[Start of Attachment]

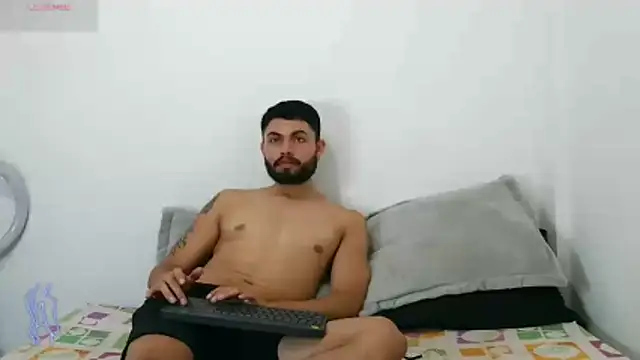 Snapshot of davgostoso chatting on 02-12-26, 04:35 davgostoso online show from 02-12-26, 04:35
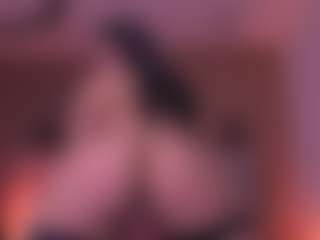 Live cam show with samantha-lw - Delicious on studioflirtlive.com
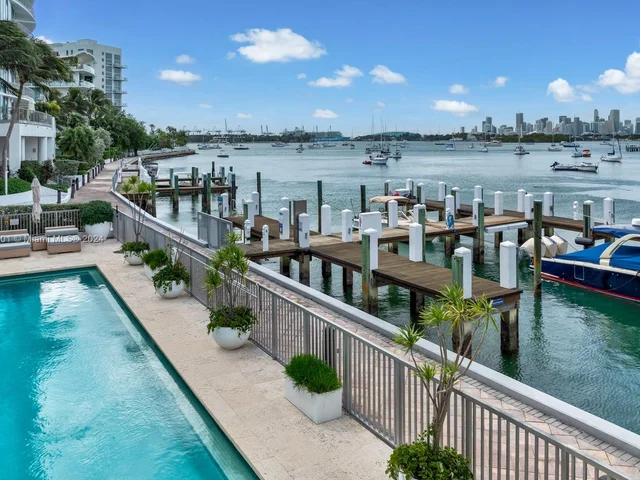 1445 16th St, Miami Beach FL 33139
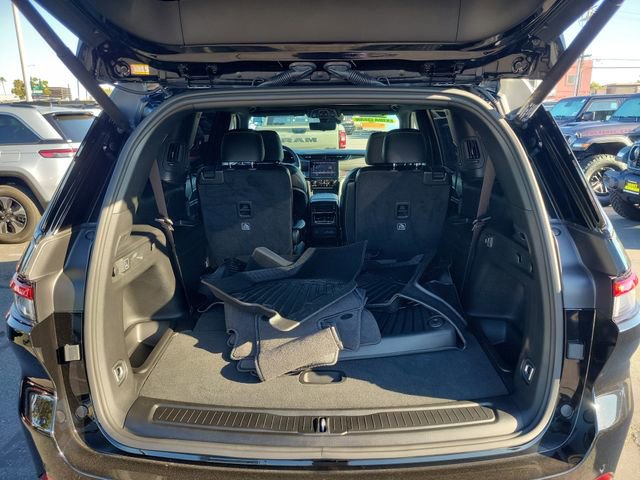 Certified 2025 Jeep Grand Cherokee L Limited w/ Luxury Tech Group II image 9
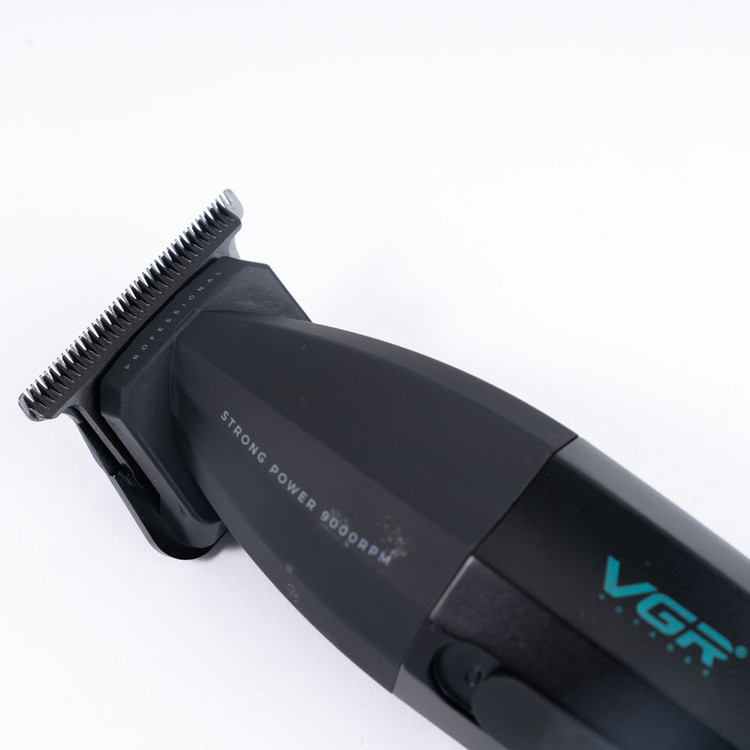 ماشین اصلاح موی سر و صورت وی جی آر مدل V-906 با تیغه سرامیکی پوشش DLC، موتور 9000 دور در دقیقه، باتری 2000 میلیآمپر ساعت با 240 دقیقه عمر شارژ، صفحه نمایش LED، طراحی ارگونومیک و مقاوم، قابلیت صفرزن، خط زن و حجم زن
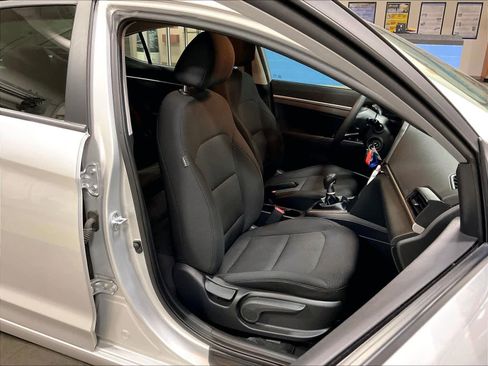 Used 2019 Hyundai Elantra SE w/ Cargo Package image 11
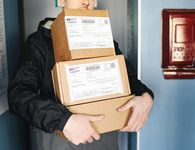 Τέλος τα μετρητά στις αντικαταβολές μέσω courier – Πώς θα πληρώνουμε τα δέματα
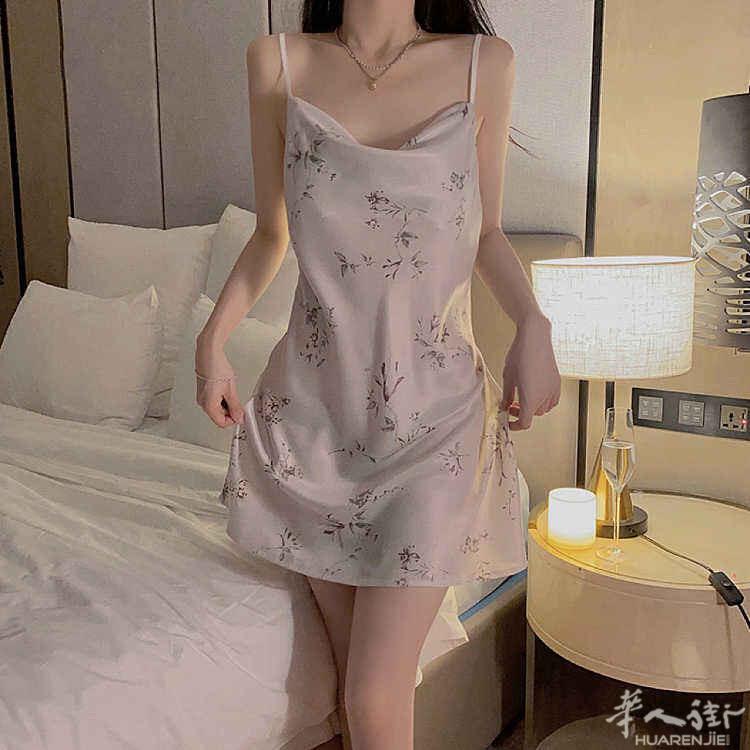 堆堆领冰丝印花吊带裙 款式丰富齐全，各种服装和保健品皆有 微信号：Milanst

[End of Attachment]

__INSTRUCTIONS FOR THE TASK__
Copy the entries above faithfully and omit every image.

__ANSWER__
 Snapshot of davgostoso chatting on 02-12-26, 04:35 davgostoso online show from 02-12-26, 04:35
 Live cam show with samantha-lw - Delicious on studioflirtlive.com
 1445 16th St, Miami Beach FL 33139
 Certified 2025 Jeep Grand Cherokee L Limited w/ Luxury Tech Group II image 9
 ماشین اصلاح موی سر و صورت وی جی آر مدل V-906 با تیغه سرامیکی پوشش DLC، موتور 9000 دور در دقیقه، باتری 2000 میلیآمپر ساعت با 240 دقیقه عمر شارژ، صفحه نمایش LED، طراحی ارگونومیک و مقاوم، قابلیت صفرزن، خط زن و حجم زن
 Used 2019 Hyundai Elantra SE w/ Cargo Package image 11
 Τέλος τα μετρητά στις αντικαταβολές μέσω courier – Πώς θα πληρώνουμε τα δέματα
 堆堆领冰丝印花吊带裙 款式丰富齐全，各种服装和保健品皆有 微信号：Milanst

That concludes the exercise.